Утром 6 июля было прочтено решение собора, осуждавшее виновного за заблуждения, написанные им, и за ереси, доказанные свидетелями; он объявлялся закоренелым и неисправимым еретиком, отказавшимся вернуться к вере Церкви, вследствие чего подлежал лишению священнического звания и выдаче в руки светской власти.

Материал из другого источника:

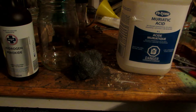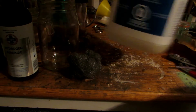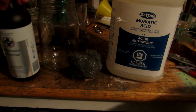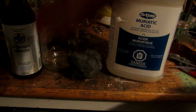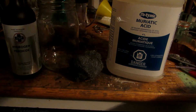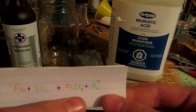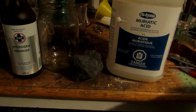Iron 3 Chloride can be produced using three chemicals: iron in the form of very fine steel wool to make the reaction go fast; hydrochloric acid, sold as muriatic acid at places like Canadian Tire; and 3% hydrogen peroxide. 35% could be used, but it's much more expensive and we don't want to waste it if 3% works. The first step is reacting iron with HCl: Iron + 2HCl → Iron 2 Chloride + hydrogen gas. So we'll go outside and start the reaction.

Вновь советовали ему отречься. Гус заявил, что он не может, не сказав неправды перед Богом, сознаться в заблуждениях, которых никогда не разделял. Согласно обычаю, не было надобности ни в каком светском суде. Раз духовный трибунал объявлял человека еретиком и выдавал его в руки светской власти, законы, карающие ересь, действовали сами собой, и поэтому Сигизмунд приказал графу-палатину Людовику заняться обвиненным и поступить с ним как с еретиком. Граф приказал сжечь осужденного.

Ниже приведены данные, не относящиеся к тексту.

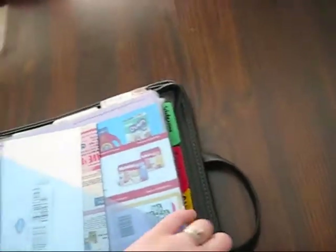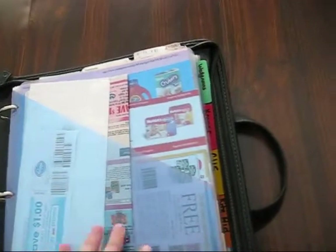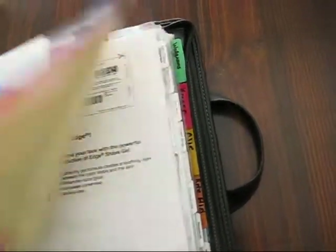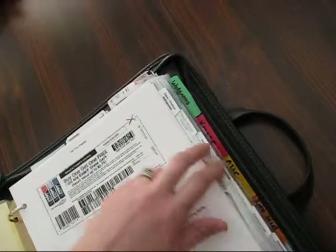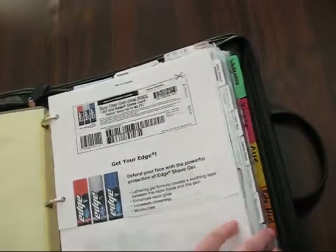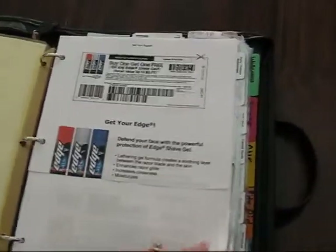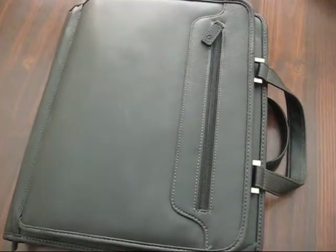So that is my coupon binder — I'll write down the categories for you so you know them. Everything came in the kit: I paid $30 and got these three holders, all the tabs — there are eight tabs — and I think 60 pages of coupon inserts to use. It's a pretty good deal and I really like it. It's a little bulky to carry, but it works and it saves me a lot of money. Happy shopping!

Перед епископским дворцом сожгли книги Гуса. Перед костром Ульрих Шоранд приблизился к Гусу с последним предложением отречься от еретической веры, так как без отречения, согласно каноническим законам, никто не сможет принять от него исповедь. Гус отказался. Затем он обратился к толпе с речью на немецком языке, утверждая, что он на основании показаний свидетелей-клятвопреступников претерпел за заблуждения, которым не следовал, но ему не дали говорить. Когда его привязали к столбу на костре и обложили двумя возами хвороста и соломы, то граф-палатин и прево стали в последний раз заклинать его отречься. Он мог бы еще спасти свою жизнь, но продолжал повторять, что его осудили на основании лжесвидетельских показаний за заблуждения, в которых он никогда не был виновен. Подожгли костер… Когда все было кончено, тело казненного тщательно растерли в пепел, который бросили в реку; даже землю вокруг костра срыли и увезли.